Gifford was responding to calls for the PRI to act following recent dramatic reductions in ESG capacity at some leading UK-based asset managers. Aviva Investors last month announced, as part of wider job losses, that it was pulling out of sustainable and responsible investment (SRI) fund management, with the expected loss of two-thirds of its market-leading SRI and governance team.
At the end of last year, Henderson made its five-strong SRI team redundant, and now outsources research for its suite of SRI funds.
Although both groups remain signatories to the PRI, which commit them, among other things, to incorporate ESG issues into investment analysis, their scaling back of internal resources has led some commentators to question whether they should be booted out of the UN-backed initiative.
“Can you shred your team and still claim to be implementing the PRI?” asked responsible investment specialist Rory Sullivan at the time. “It raises real questions about the credibility of the initiative.”

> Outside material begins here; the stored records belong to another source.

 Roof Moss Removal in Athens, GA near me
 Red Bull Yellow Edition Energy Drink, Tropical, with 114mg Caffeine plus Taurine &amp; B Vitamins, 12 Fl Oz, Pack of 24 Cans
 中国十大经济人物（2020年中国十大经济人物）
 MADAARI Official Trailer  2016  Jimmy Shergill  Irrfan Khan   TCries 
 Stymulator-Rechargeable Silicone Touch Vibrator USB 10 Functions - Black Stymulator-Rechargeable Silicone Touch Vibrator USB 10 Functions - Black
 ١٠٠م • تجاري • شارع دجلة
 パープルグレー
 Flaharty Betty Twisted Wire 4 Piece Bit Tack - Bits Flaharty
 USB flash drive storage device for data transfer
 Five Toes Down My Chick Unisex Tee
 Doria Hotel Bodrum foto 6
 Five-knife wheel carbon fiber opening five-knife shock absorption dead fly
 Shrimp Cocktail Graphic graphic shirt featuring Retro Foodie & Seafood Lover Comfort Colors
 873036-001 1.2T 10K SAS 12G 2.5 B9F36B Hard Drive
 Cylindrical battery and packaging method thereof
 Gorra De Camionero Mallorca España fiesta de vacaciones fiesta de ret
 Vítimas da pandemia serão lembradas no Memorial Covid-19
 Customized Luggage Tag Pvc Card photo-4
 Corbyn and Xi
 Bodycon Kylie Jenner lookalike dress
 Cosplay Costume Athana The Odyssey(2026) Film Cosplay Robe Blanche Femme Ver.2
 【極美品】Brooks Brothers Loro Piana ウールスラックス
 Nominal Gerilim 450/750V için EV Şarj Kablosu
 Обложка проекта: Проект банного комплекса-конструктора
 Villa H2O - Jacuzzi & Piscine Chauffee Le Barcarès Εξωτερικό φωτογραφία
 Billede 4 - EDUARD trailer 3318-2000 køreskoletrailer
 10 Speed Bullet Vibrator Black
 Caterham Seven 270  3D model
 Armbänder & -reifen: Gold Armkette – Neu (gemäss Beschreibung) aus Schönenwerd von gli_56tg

However, Gifford rejected the call. “It’s not for me to comment on an individual organisation’s decisions,” he stressed, adding that “the PRI is a big tent.”
“The PRI is an aspirational framework, and it doesn’t have absolute requirements for performance” beyond requiring signatories to report to the secretariat on the progress of their implementation, he said. “If signatories choose to have different levels of implementation, that is entirely their choice.”
He noted that these decisions were made in the context of “larger decisions” about resourcing and market positioning, and argued that, “at the macro level”, responsible investment is in good health.
“There will always be ups and downs, but you have to look at the big picture,” he said. “What we’re seeing is that responsible investment is being taken up as a mainstream practice,” noting that fixed income asset management giant Pimco has recently signed up to the PRI, as has Goldman Sachs Asset Management and hedge fund specialist Man Group.
Launched in 2006, the PRI has been remarkably successful. It boasts 830 investor signatories, managing more than $30 trillion in assets.